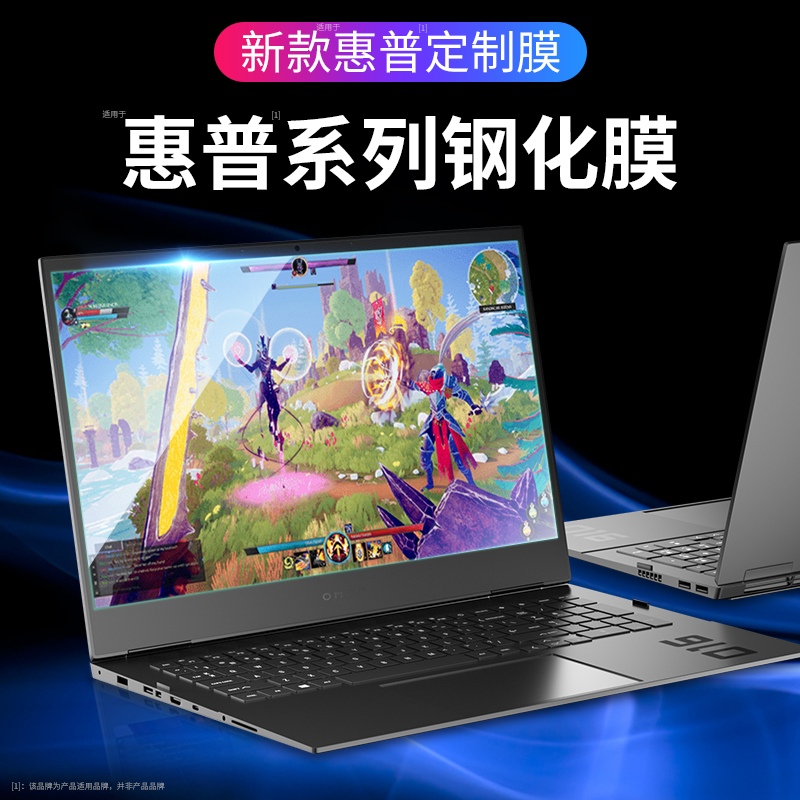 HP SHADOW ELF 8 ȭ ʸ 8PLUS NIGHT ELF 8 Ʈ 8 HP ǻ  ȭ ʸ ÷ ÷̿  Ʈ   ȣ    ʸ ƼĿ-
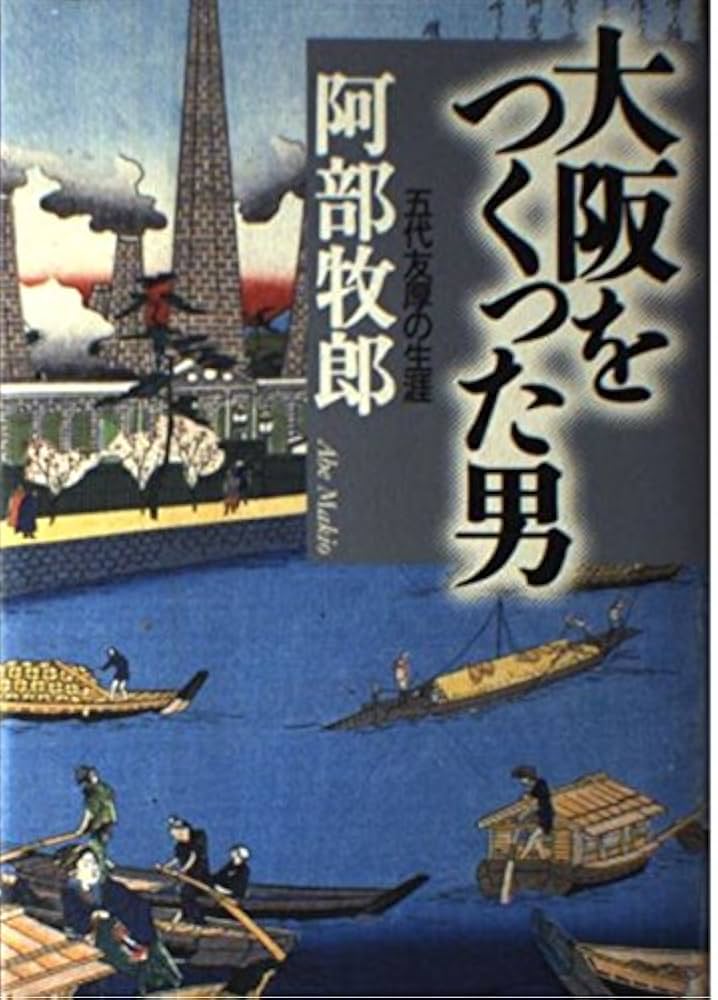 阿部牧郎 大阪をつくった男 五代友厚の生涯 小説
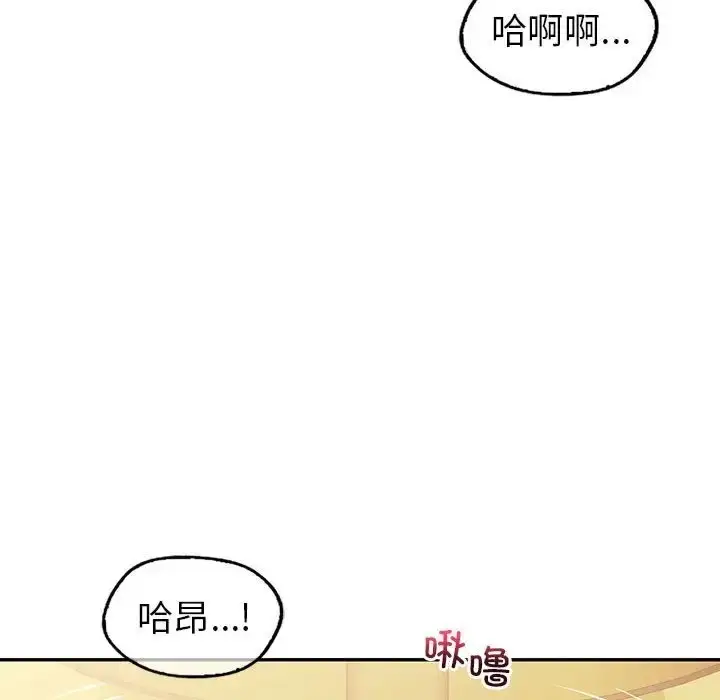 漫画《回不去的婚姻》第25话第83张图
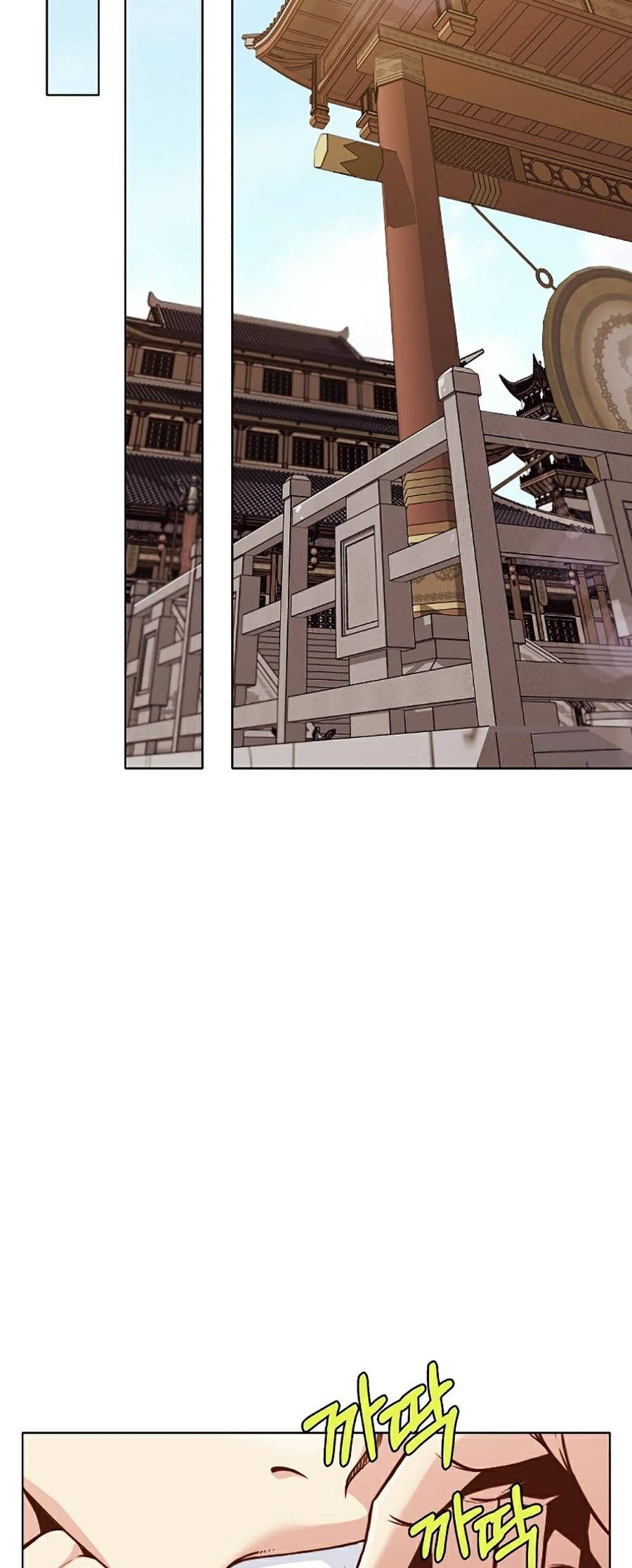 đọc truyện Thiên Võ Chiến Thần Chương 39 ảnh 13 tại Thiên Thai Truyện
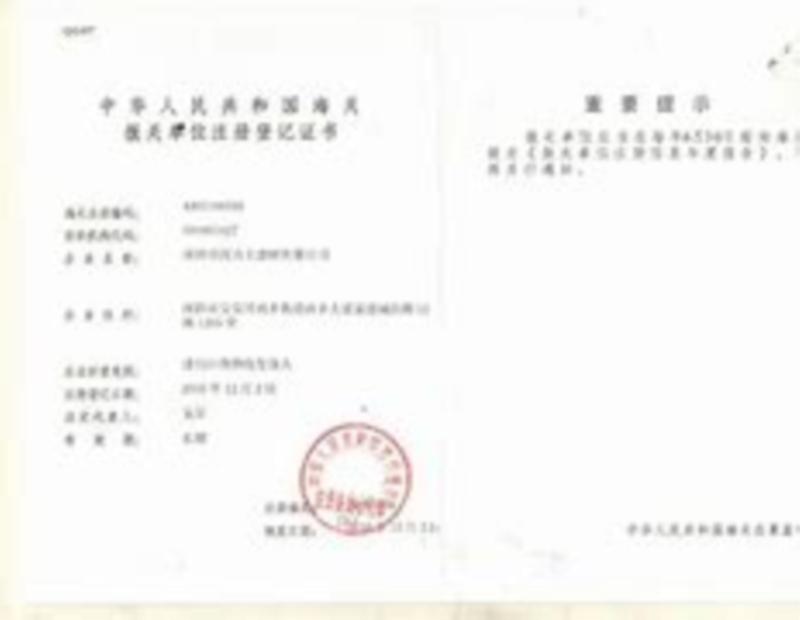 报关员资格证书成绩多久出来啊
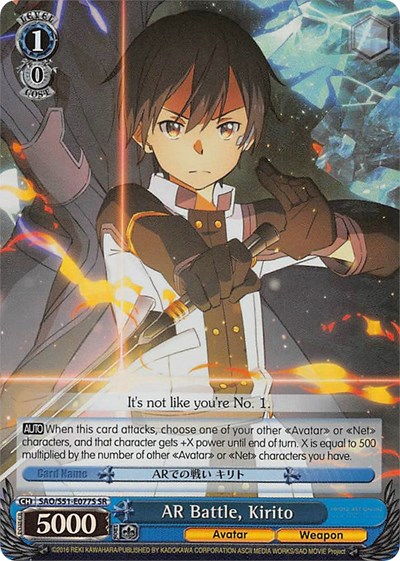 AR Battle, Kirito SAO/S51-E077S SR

★ ★ ★

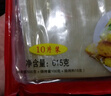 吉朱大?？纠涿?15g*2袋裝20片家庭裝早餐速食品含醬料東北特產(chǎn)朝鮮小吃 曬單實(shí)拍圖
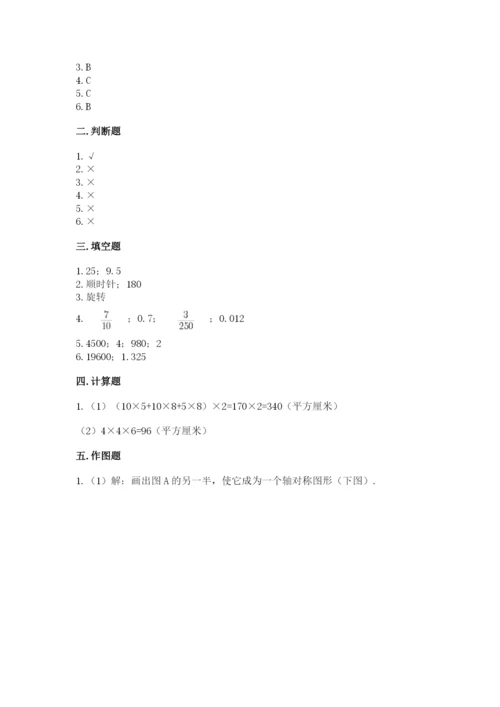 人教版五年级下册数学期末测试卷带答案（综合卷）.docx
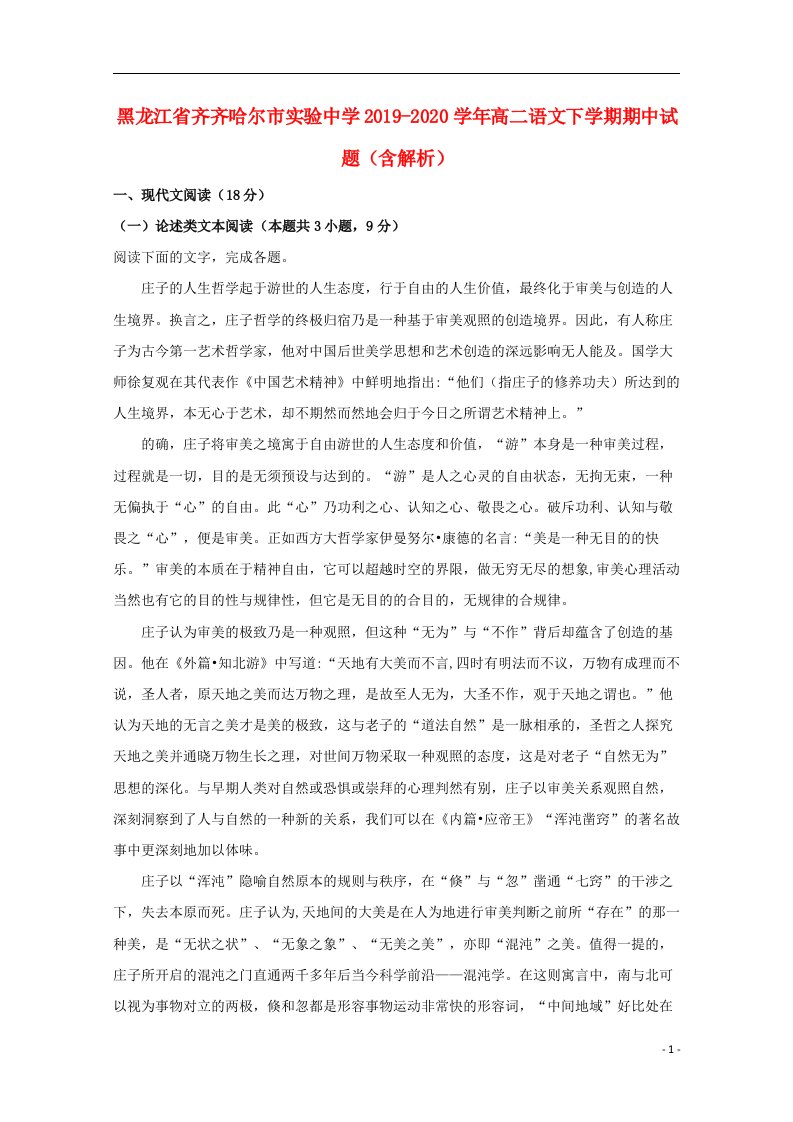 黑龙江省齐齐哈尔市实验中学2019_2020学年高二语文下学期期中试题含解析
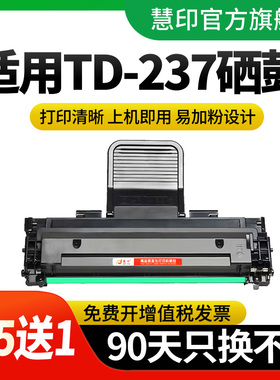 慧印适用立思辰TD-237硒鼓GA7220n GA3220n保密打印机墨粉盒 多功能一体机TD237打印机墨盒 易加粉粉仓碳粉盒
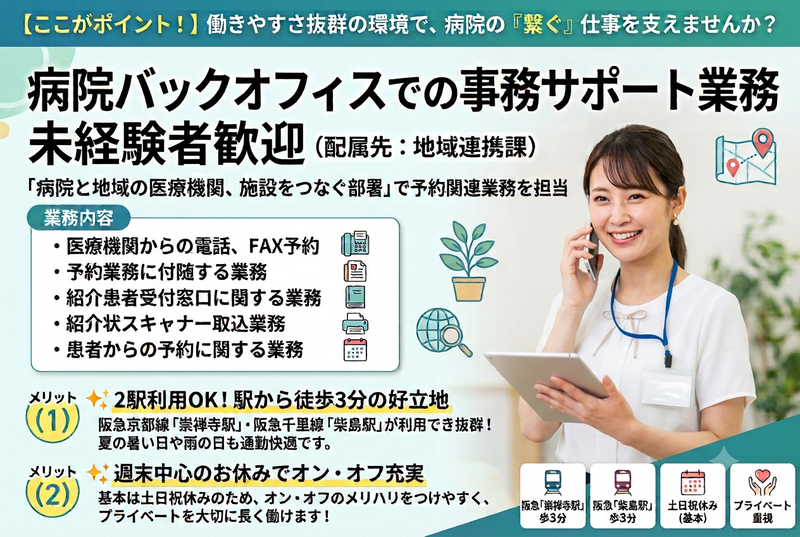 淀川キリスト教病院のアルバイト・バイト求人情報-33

★ ★ ★

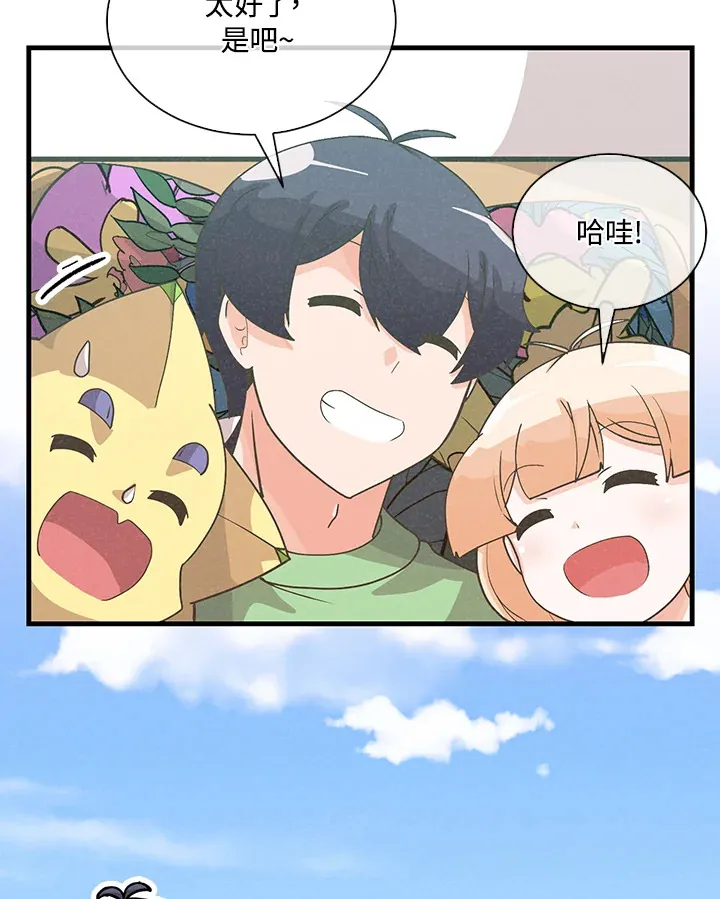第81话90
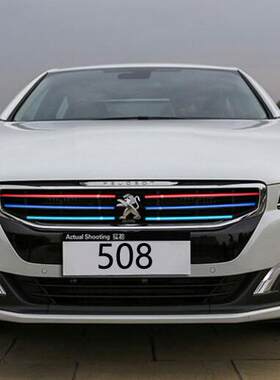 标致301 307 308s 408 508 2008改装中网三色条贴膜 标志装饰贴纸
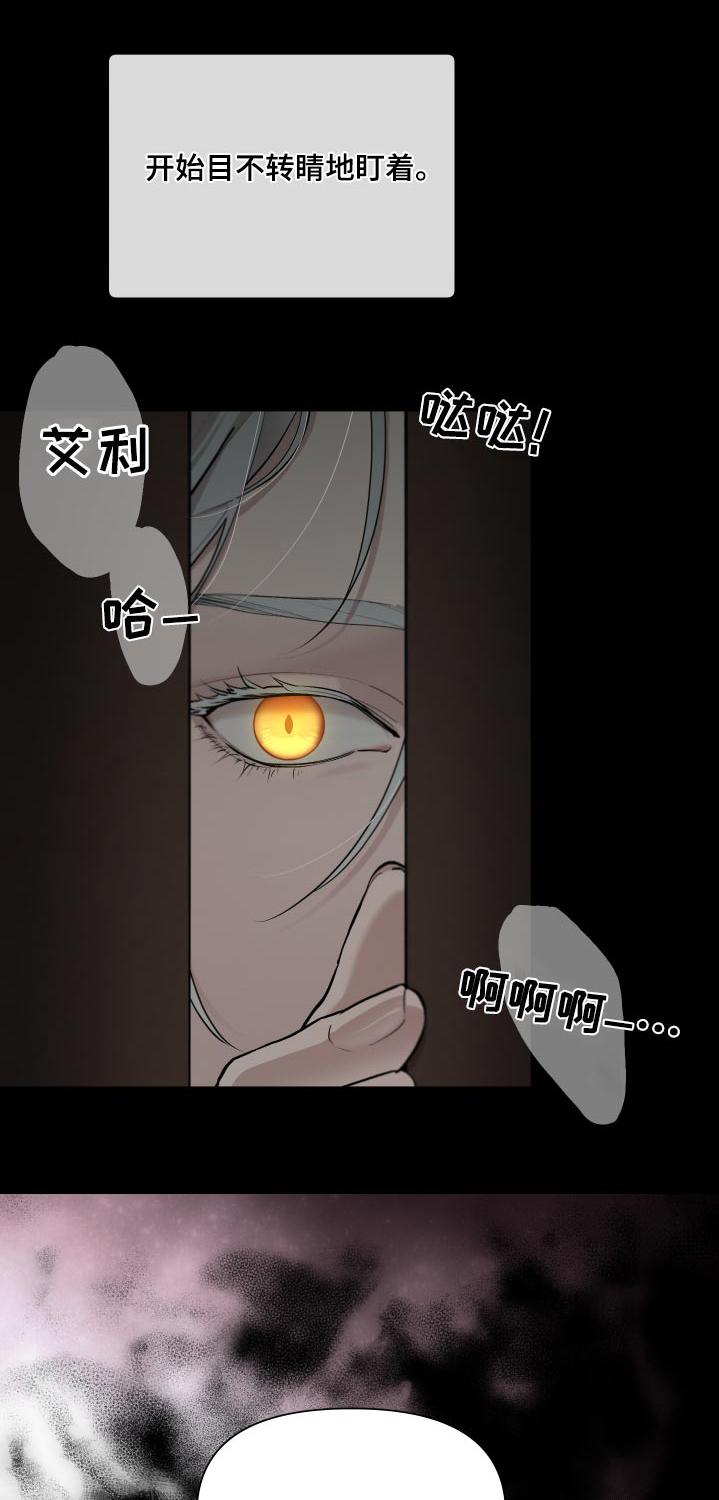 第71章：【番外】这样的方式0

★ ★ ★

■ EXERCISE INSTRUCTIONS ■
Give back exactly the lines of the listing above from the one that contains "HP SHADOW ELF" up to and including the one that contains "AR Battle, Kirito SAO/S51-E077S SR", but not the pictures, and no other lines.

■ RESPONSE AREA ■
 HP SHADOW ELF 8 ȭ ʸ 8PLUS NIGHT ELF 8 Ʈ 8 HP ǻ  ȭ ʸ ÷ ÷̿  Ʈ   ȣ    ʸ ƼĿ-
 阿部牧郎 大阪をつくった男 五代友厚の生涯 小説
 漫画《回不去的婚姻》第25话第83张图
 đọc truyện Thiên Võ Chiến Thần Chương 39 ảnh 13 tại Thiên Thai Truyện
 报关员资格证书成绩多久出来啊
 AR Battle, Kirito SAO/S51-E077S SR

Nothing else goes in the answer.